It is also generally accepted that the amount of spectral energy emitted in the blue region below 460nm of some displays (such as RGB OLEDs) is a contributing factor to this issue.
In display colourimetry, metamerism is the ability to match colours on different displays with different spectral power distributions, caused by the use of different display technologies.
Colour Metamerism is based on the fact that the human visual system has only three types of cone photoreceptors making it possible for two stimuli to match in perceived colour without having identical spectral power distributions, and so metameric colour matching occurs.
From this we get the opposite - the apparent Metameric Failure of displays, where the measured profile data of two displays match perfectly with respect to the numbers reported by the measuring probe, but visually the displays obviously do not match, as seen in the image above.
Sony and Judd Modification
As the first source of RGB OLED based displays, Sony were the one of first to come up against metameric failure, and quickly adopted the Judd 1951 Modification concept, which is proposal for a modification to CIE 1931 for wavelengths that are shorter than 460nm. This modification has been confirmed by other studies performed by Stiles (1955), Ishak and Teele (1955) and Vos (1978), but for practical reasons has never been adopted by CIE standards.

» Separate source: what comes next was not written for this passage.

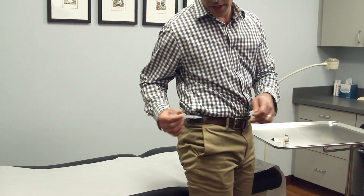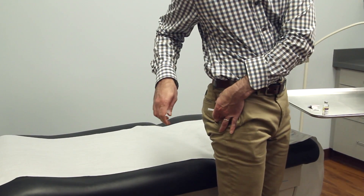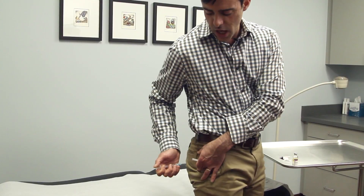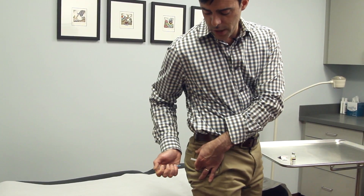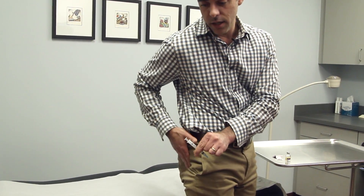You are going to do the upper outer quadrant of the glute. This takes some dexterity, but you want to do the same exact thing: cleanse with some alcohol, spread the fat layer, enter into the muscle, pull back slightly on your syringe to make sure you are not in any blood vessels, and then push the medication all the way in. Once you have pushed in the medication, remove the needle, take a gauze pad and compress the area.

While the actual concept of the Judd modification is valid, in practical terms it can only be applied as a simple offset to the measured white point, and it is here that problems occur - as Sony have found out themselves!
Sony Changing the target
When Sony first attempted to deal with metameric failure of their OLED displays they released a set of chromaticity xy offset values, that ranged from -0.001, -0.009, through -0.004, -0.013, depending on the probe used, and alternative display technology to be matched to.
In later documentation on the White Balance of BVM and PVM displays Sony reduced these values to a single set of xy offsets - x=-0.006, y=-0.011.

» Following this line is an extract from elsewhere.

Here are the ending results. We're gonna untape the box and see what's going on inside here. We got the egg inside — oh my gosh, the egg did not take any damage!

The problem is that none of these values are actually accurate, as the concept of simply adding an offset value to an existing CMF is too much of a compromise to correct for metameric failure...
A far better approach is to utilise the in-built capabilities of ColourSpace to significantly improve the perceptual colour match variation between two displays of differing technologies, defining a new colour space white point, rather than adding an offset to probe's measured data.
Perceptual Colour Matching Using ColourSpace
The following is a far more accurate approach to overcoming display metameric failure, and will work with any display technology.
(Although we deal with RGB OLED displays here, the concept is valid for any display showing metameric failure.)
1) Place both displays to be accurately matched in the same line of sight.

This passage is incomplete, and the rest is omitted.